Synthetic control builds a shadow treated unit from weighted untreated donors, using pre-policy fit to construct the post-policy counterfactual.

Mechanism Lab

Animation: how donor weights build the synthetic counterfactual

The animation reveals donor units, pushes their weights into the synthetic path, then compares the treated post-policy path with the synthetic counterfactual.

Step 1 / 5

Donor pool

Start with untreated units that are institutionally comparable and unaffected by the policy.

j=2,...,J+1

Animation Control

Reduced-motion users receive the same step states without continuous motion.

01 / Intuition

Core Intuition

When one city, school, region, or country is treated, standard DID may lack a natural control. Synthetic control builds a better comparison by weighting a donor pool.

Weights should fit pre-policy outcomes and covariates, not post-policy outcomes.

Credibility comes from pre-fit quality, donor-pool justification, absence of concurrent shocks, placebo tests, and transparent reporting of weights and sample choices.

02 / Math

From donor weights to the post-treatment counterfactual

01 / Panel structure

Unit 1 is treated and units 2...J+1 are untreated donors. T0 is the last pre-treatment period.

Y_1t: treated unit outcome
Y_jt: donor unit outcome, j=2,...,J+1
t <= T0: pre-period,  t > T0: post-period

02 / Weight constraints

Synthetic-control weights are usually nonnegative and sum to one, making the synthetic unit a convex combination of donor units.

w_j >= 0,  sum_{j=2}^{J+1} w_j = 1

03 / Pre-treatment fit

Let X1 be treated-unit pre-policy features and X0 the donor feature matrix. Choose weights that make weighted donors match the treated pre-period features.

w_hat = argmin_w (X_1 - X_0 w)^T V (X_1 - X_0 w)
s.t. w >= 0, 1^T w = 1

04 / Counterfactual path

After treatment, the weighted donor outcome path estimates what the treated unit would have experienced without treatment.

Y_1t(0)_hat = sum_{j=2}^{J+1} w_hat_j Y_jt,  for t > T0

05 / Effect path

The treatment effect at each post-period is observed treated outcome minus synthetic counterfactual.

tau_t_hat = Y_1t - Y_1t(0)_hat
ATT_post = (1/(T-T0)) sum_{t=T0+1}^{T} tau_t_hat

06 / Placebo inference

Iteratively pretend each donor is treated and rebuild synthetic controls. A large treated-unit gap relative to placebo gaps strengthens the evidence.
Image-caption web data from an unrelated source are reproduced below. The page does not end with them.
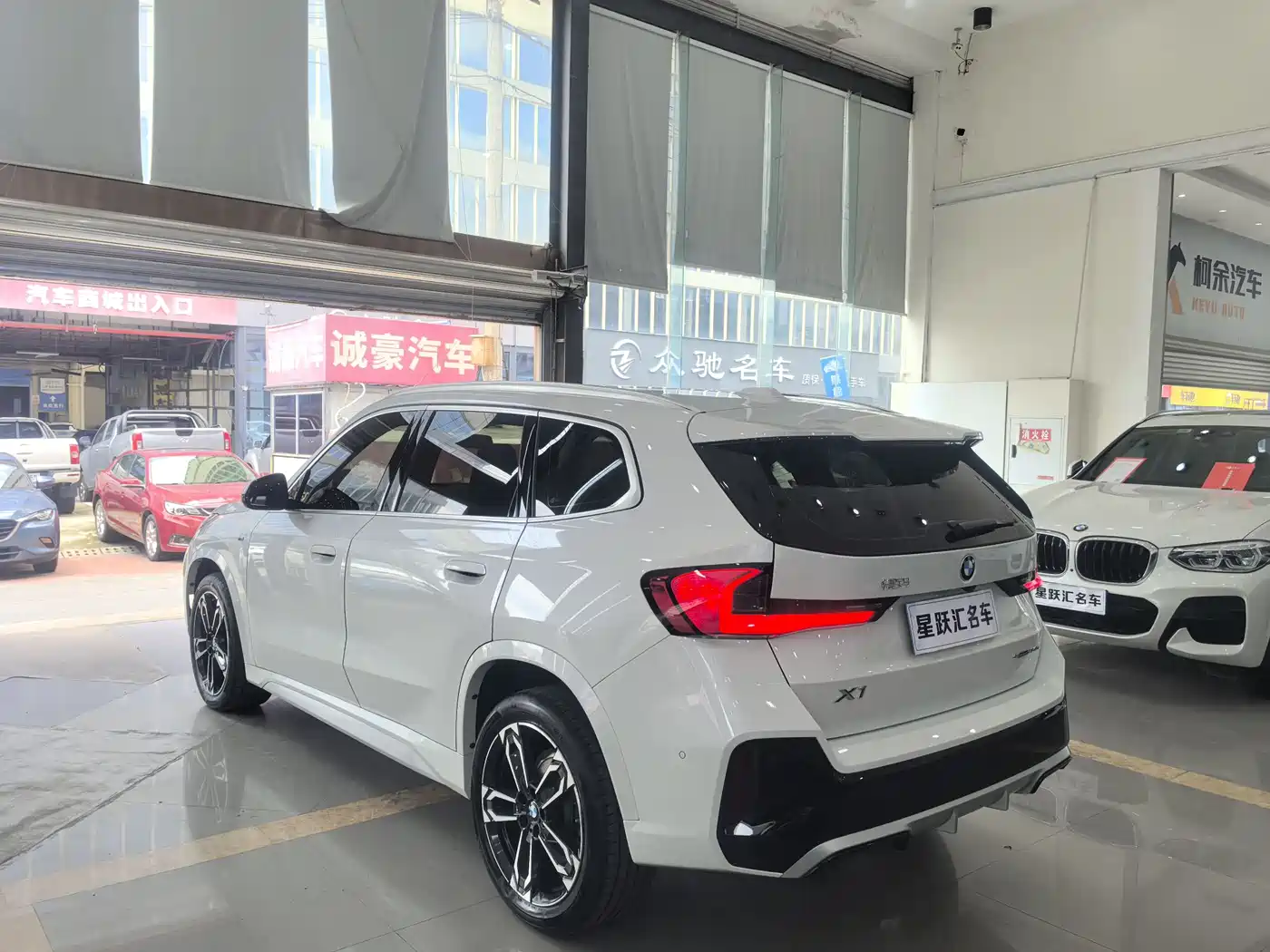 BMW X1 2025 sDrive25Li M Sport Package фото 4
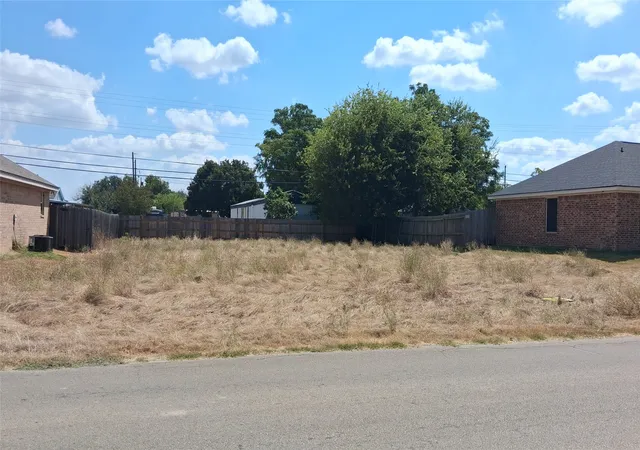 Photo 3 of Land for sale at 166 Lake Forest Dr, Belton, TX 76513 | MLS# 21389243 | Listing updated on 2026-09-19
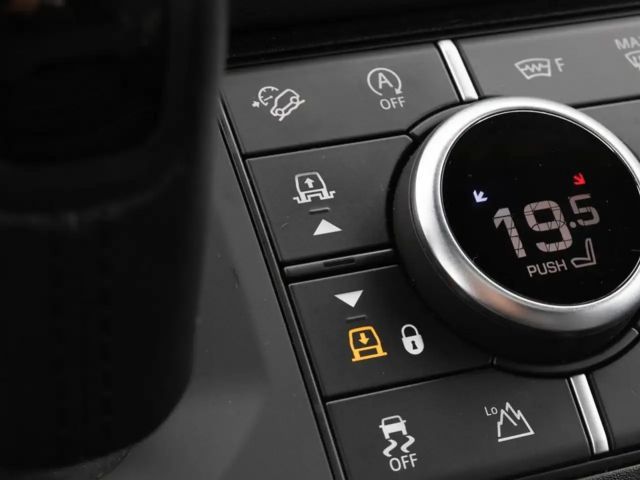 Land Rover Defender 110 D250 SE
ratio_i = RMSPE_post,i / RMSPE_pre,i

07 / SDID intuition

Synthetic DID combines donor weights with time weights, blending synthetic-control weighting with DID-style before-after differencing.

tau_SDID = (Y_1,post - omega^T Y_0,post) - (Y_1,pre - omega^T Y_0,pre) lambda

03 / Code

Python code: constrained optimization for synthetic-control weights

This skeleton uses `scipy.optimize.minimize` to estimate nonnegative donor weights that sum to one, then builds the synthetic path, effect path, and pre/post RMSPE.

import numpy as np
import pandas as pd
from scipy.optimize import minimize

# df columns:
# unit, year, outcome, treated_unit
treated_unit = "City A"
pre_years = range(2010, 2020)
post_years = range(2020, 2025)

panel = df.pivot(index="year", columns="unit", values="outcome").sort_index()
donors = [unit for unit in panel.columns if unit != treated_unit]

Y1_pre = panel.loc[pre_years, treated_unit].to_numpy()
Y0_pre = panel.loc[pre_years, donors].to_numpy()

def objective(weights):
    synthetic_pre = Y0_pre @ weights
    return np.mean((Y1_pre - synthetic_pre) ** 2)

n_donors = len(donors)
constraints = [{"type": "eq", "fun": lambda w: w.sum() - 1}]
bounds = [(0, 1)] * n_donors
start = np.repeat(1 / n_donors, n_donors)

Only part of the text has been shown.